Antonio Valdecantos
El País, 16/02/13
La ideología de la excelencia llegó a imponerse con rapidez y el resultado es el desprecio del conocimiento puro y la seducción por el lenguaje empresarial. La reflexión y la crítica seguirán fuera de las facultades
Muchos pueden celebrar por fin el cumplimiento de un antiguo deseo: la universidad ya no es una anacrónica rareza ni un cuerpo extraño infiltrado en el tejido social, sino lo que toda mente constructiva y acompasada con los tiempos ha querido desde siempre, a saber, un genuino reflejo de la sociedad. Parecía una utopía y se ha vuelto lo más real de este mundo: por fin universidad y sociedad van de la mano y comparten lo fundamental. Es cierto que lo compartido es la ruina, pero siempre será mejor algo que nada y, además, no está escrito que la miseria vaya a tener que lamentarse en toda ocasión: de sobra se sabe que la prosperidad genera molicie y hace olvidar la urgencia de poner al día instituciones manifiestamente inadaptadas.
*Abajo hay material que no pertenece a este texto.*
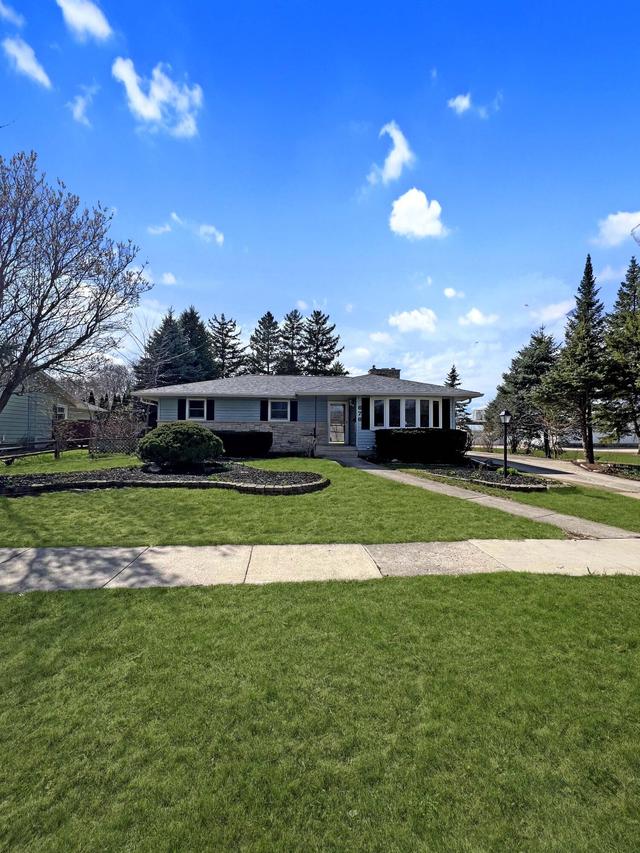 676 Martin Ave, Fond Du Lac, WI 54935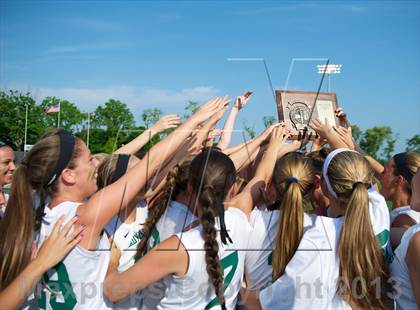 Thumbnail 1 in Farmingdale vs Massapequa (Section 8 Class A Final) photogallery.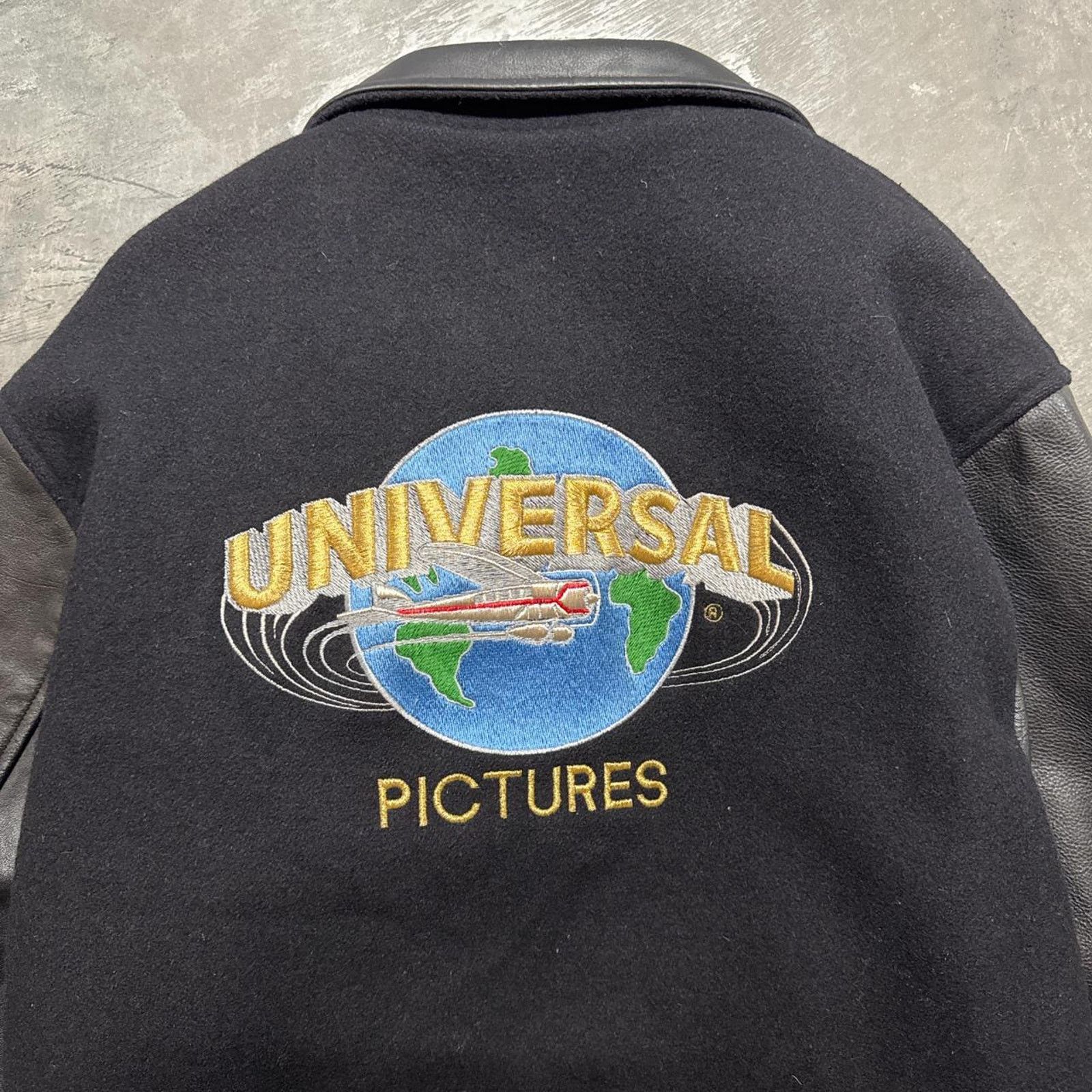 Vintage Vintage 80s 90s Universal Pictures Varsity Leather Jacket Size US S / EU 44-46 / 1 - 2 Thumbnail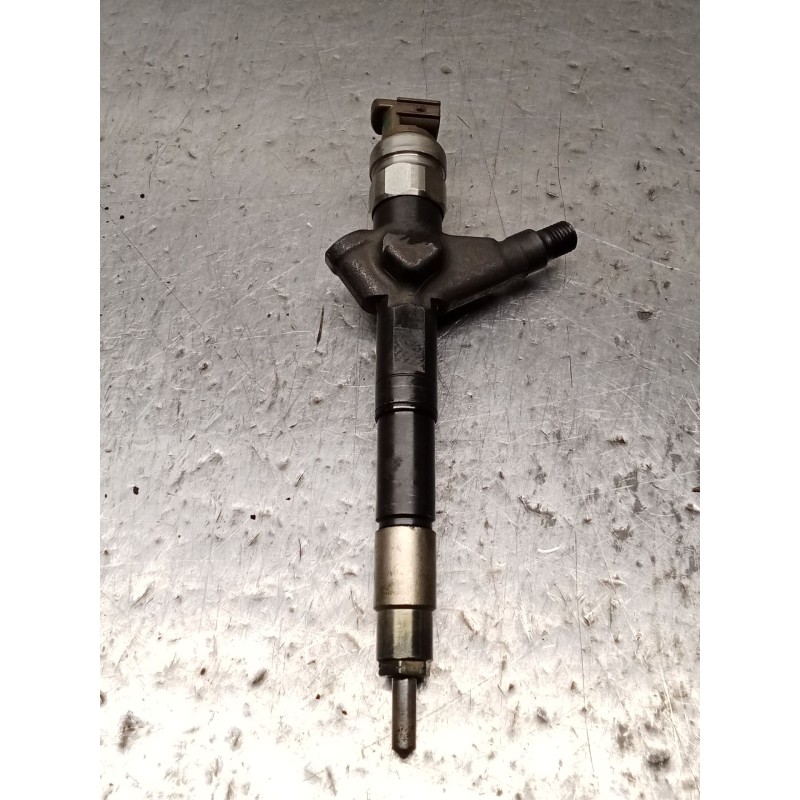 Recambio de inyector para nissan cabstar (f24m, f24w) 35.13 dci, 45.13 dci 2.5 (f24m) referencia OEM IAM 16600MB40A DENSO 06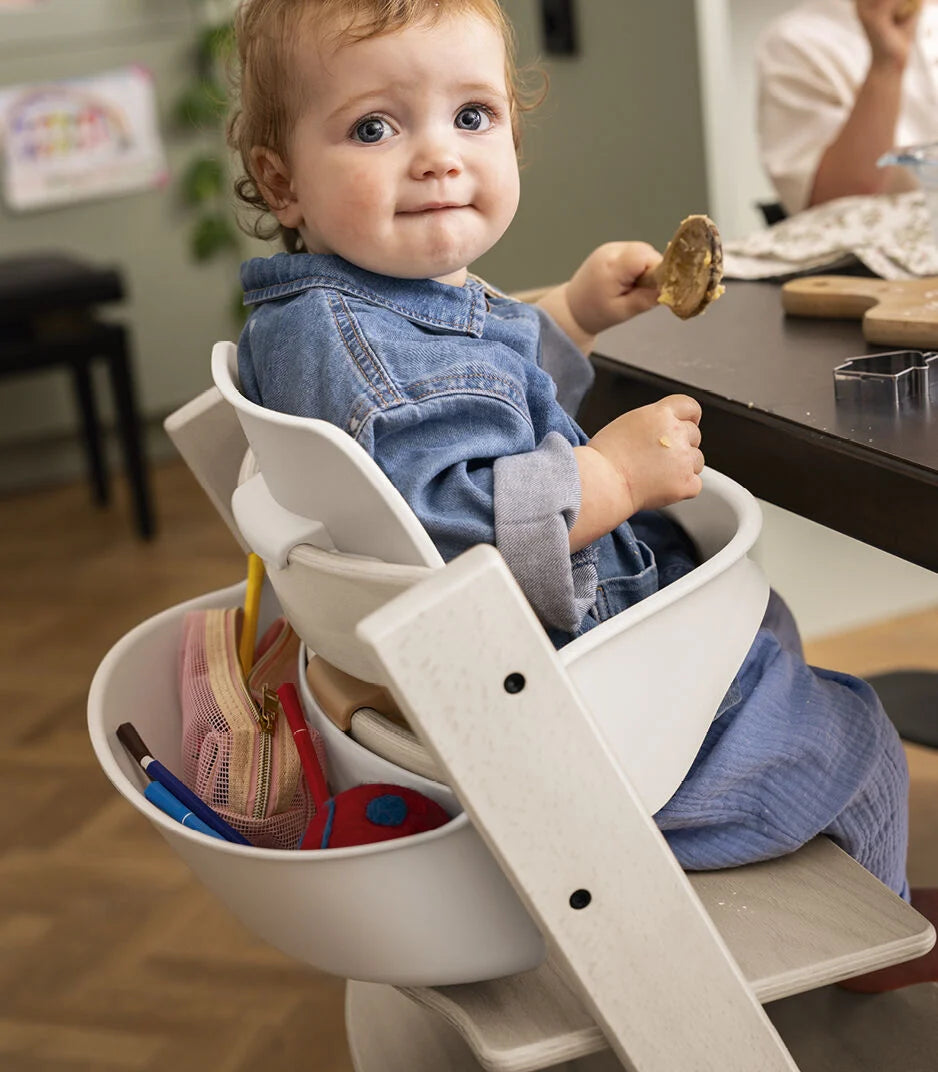 Stokke Tripp Trapp Whitewash kinderstoel in Scandinavisch design, verstelbaar en duurzaam.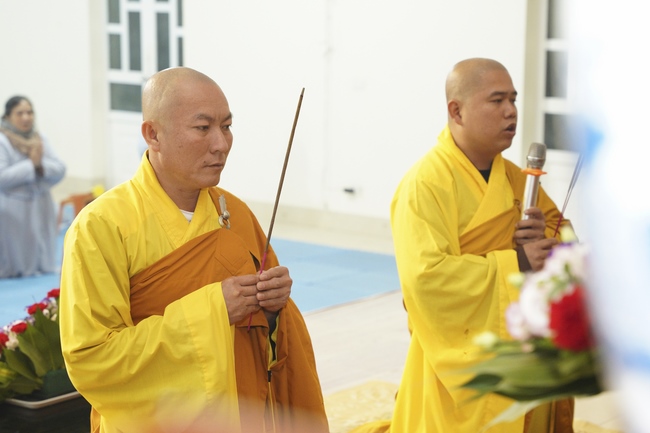 Commemorating enlightened achievement of Bodhisattva Siddhartha at Dong Cao pagoda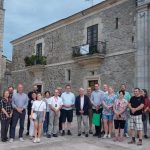 Foto de grupo diante do Concello de Meira cos tres GDR e apicultores que visitaron a Montaña, acompañados dos técnicos do GDR Montes e Vales Orientais e do das Terras de Miranda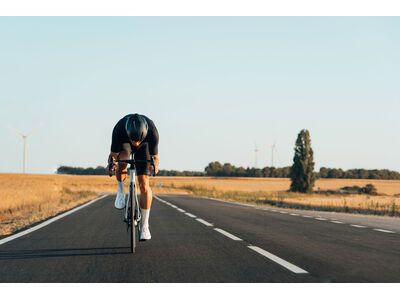 MET Manta MIPS Tadej Pogačar Blačk Edition - Bild 16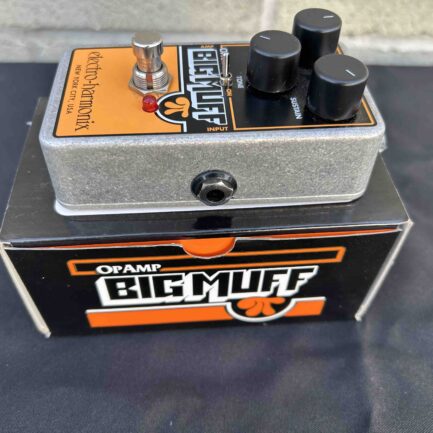 ELECTRO-HARMONIX BIG MUFF FUZZ PEDAL (NEW)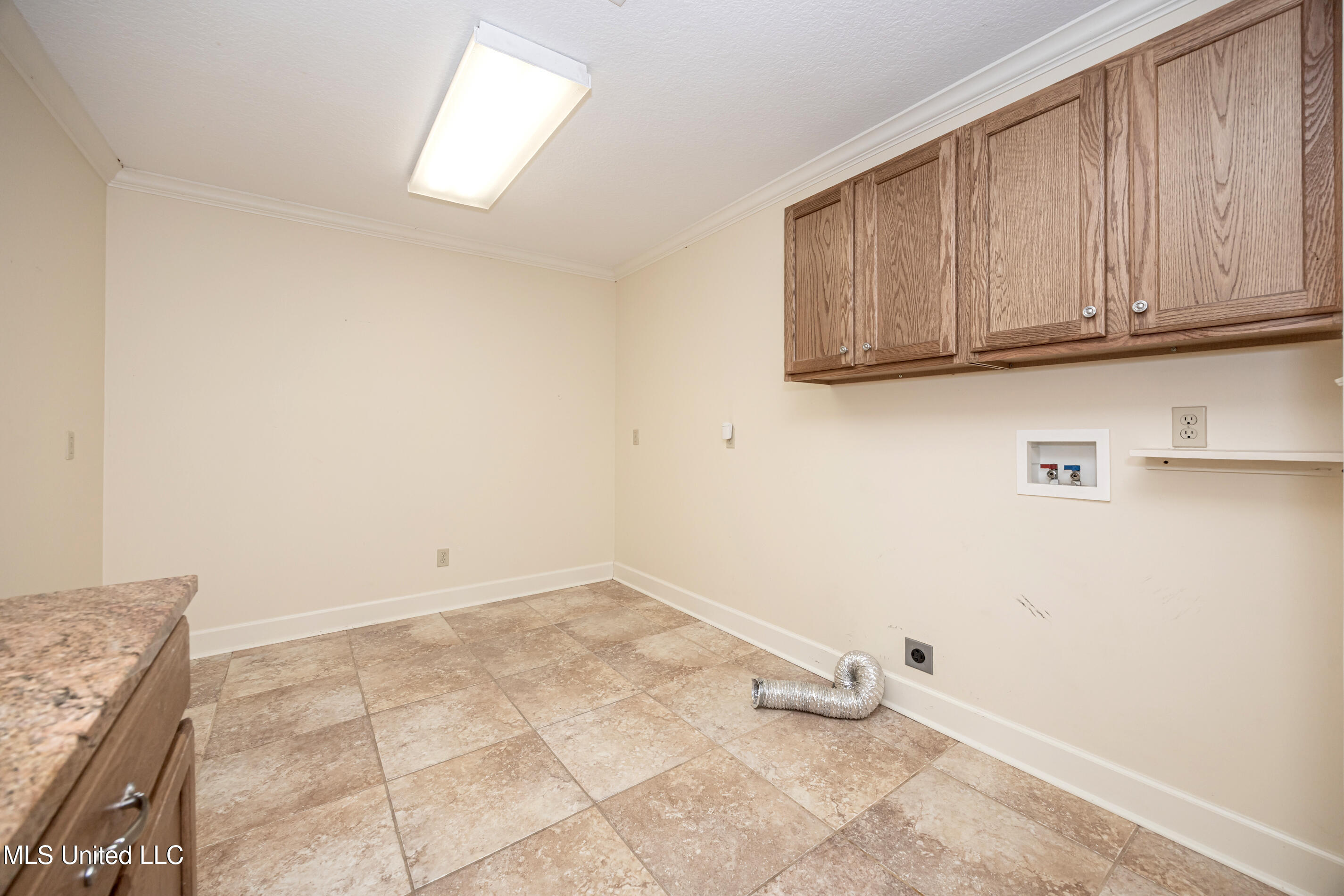 Ocean Springs, Mississippi, 39564, United States, 3 Bedrooms Bedrooms, ,3 BathroomsBathrooms,Residential,For Sale,1903607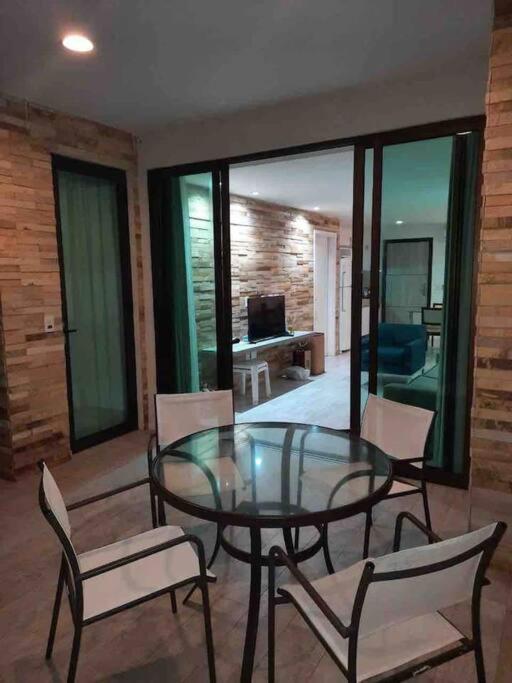 FLAT ENCANTADOR PÉ NA AREIA 2 SUÍTES- WATERFRONT
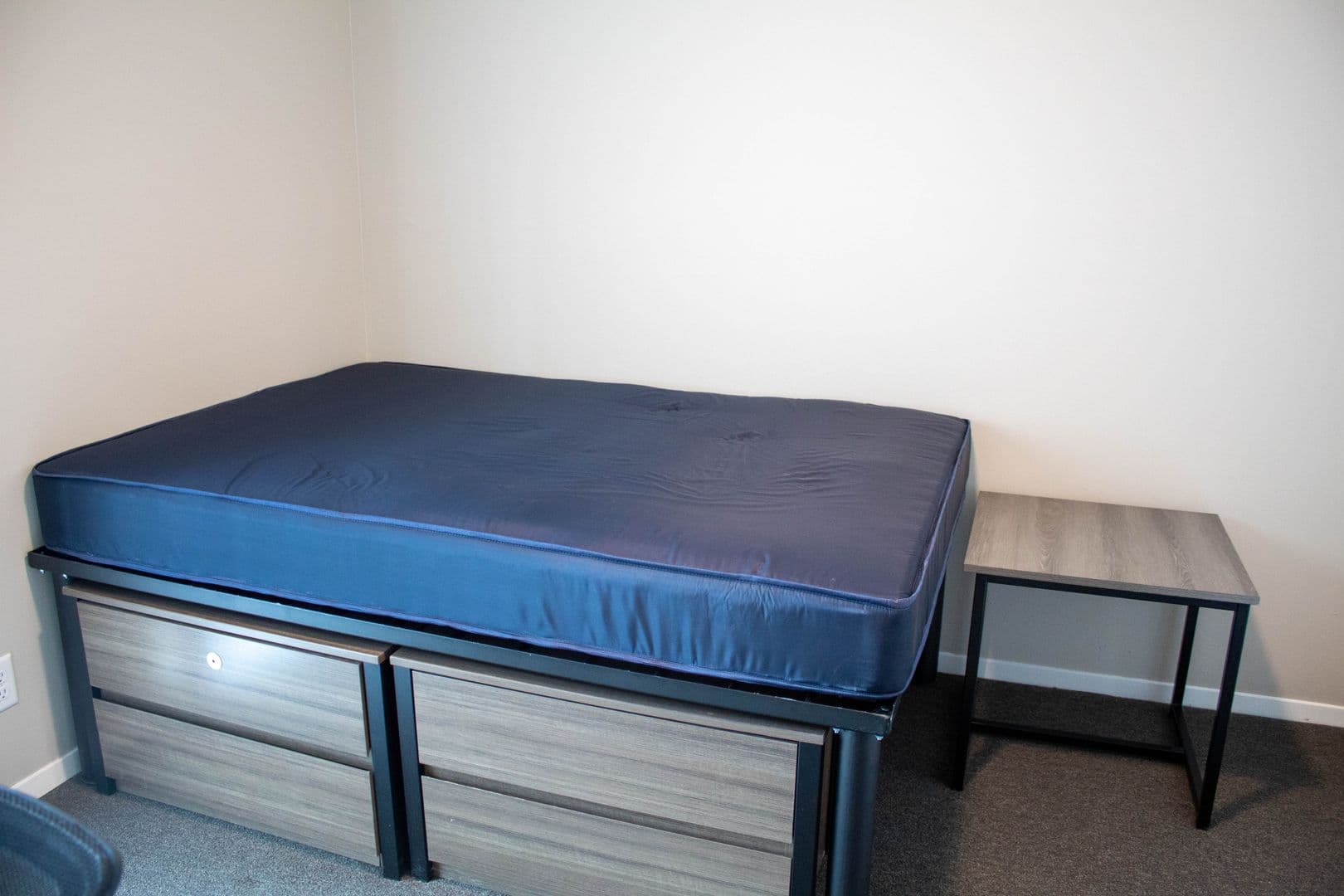 Champaign Apartment: 107 E Springfield Avenue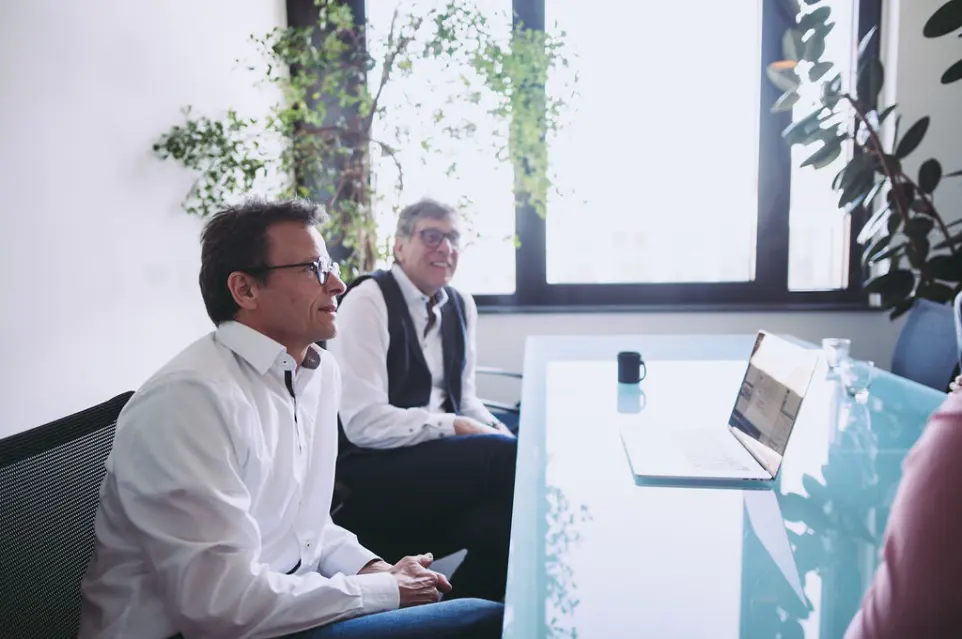 Mitarbeiterinnen und Mitarbeiter von Dr. Wallner Engineering GmbH in einer Besprechung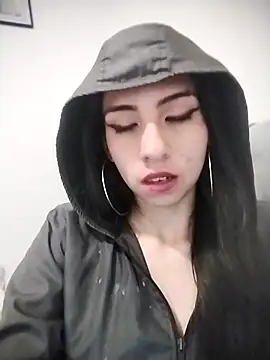 Snapshot of Miha_sophia chatting on 10.31.25 Miha sophia online show from 10.31.25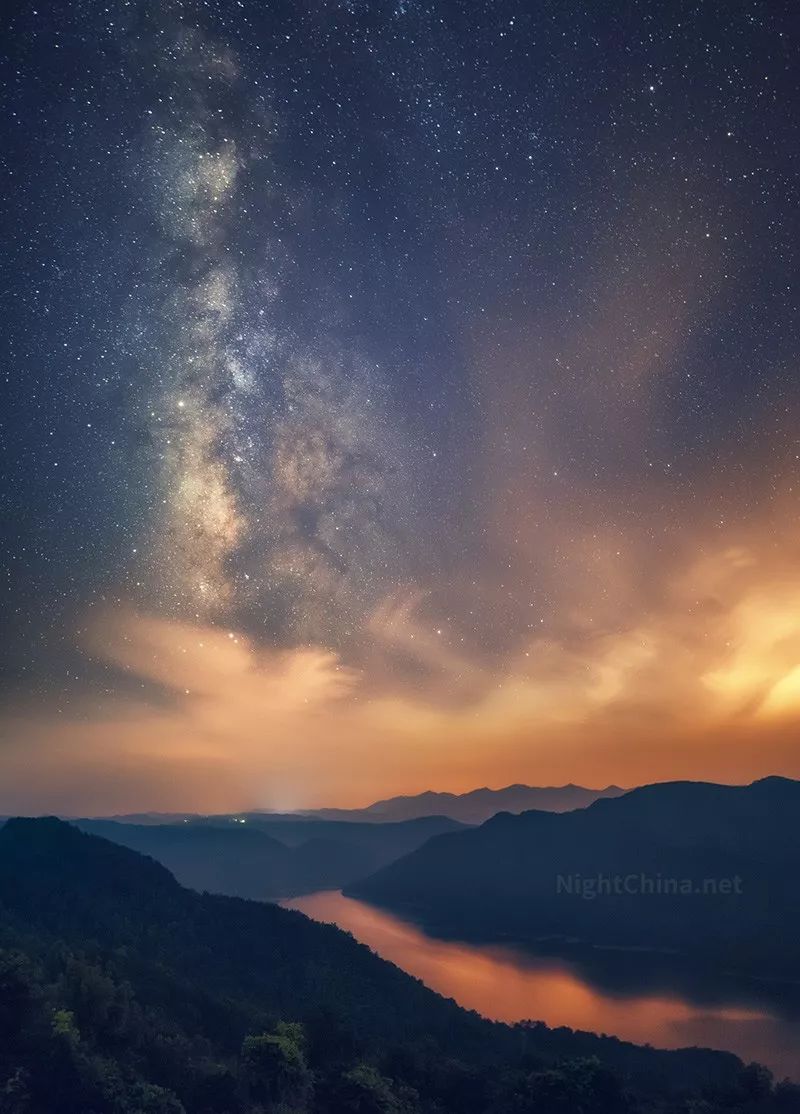 【夜空中国】夏夜宁静的山顶,银河悄然一倾而下,犹如南山湖水从天来.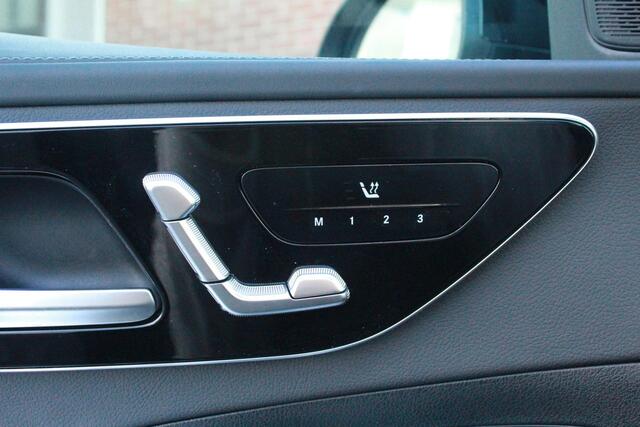 Mercedes-Benz C-KLASSE 180 AMG Line Pano | Distronic | Memory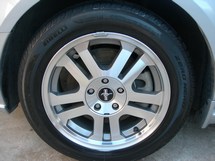 These have to be some of the most boring OEM Mustang wheels of all time.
La quiebra económica de la universidad pública se ha llevado casi todo por delante y adelgazará la institución hasta reducirla a las dimensiones eficaces y funcionales que desde hace tanto tiempo se han preconizado, pero la primera víctima del huracán ha sido ese sonrojante discurso montado en torno al término “excelencia” que, de no haberse desatado el ciclón, seguiría siendo la palabra más empleada por los gestores universitarios y los aspirantes a serlo. Aunque todo esto, como tantas otras cosas, se haya vuelto de la noche a la mañana una antigualla francamente remota, conviene recordar que estamos hablando de ayer mismo. “Excelencia” era, en efecto, el término más repetido por los hablantes de un newspeak que en muchas universidades había llegado a constituir el único lenguaje en uso. Contrariamente a las reglas de empleo de la palabra “excelente” (que sirve para alabar a personas o cosas a las que se admira o a las que se finge admirar), en la neolengua de la burocracia académica “excelencia” se usaba, más bien, como un atributo de la institución a que el hablante pertenecía, o de la que era rector o gestor. En cualquier ambiente saludable, el que alguien se califique a sí mismo de excelente será motivo de censura y hasta de burla, pero el clima universitario español de la última década había llegado a volverse francamente insalubre, y la adulación a las diversas instancias gestoras y evaluadoras exigía hablar su lenguaje como si ya no quedara otro.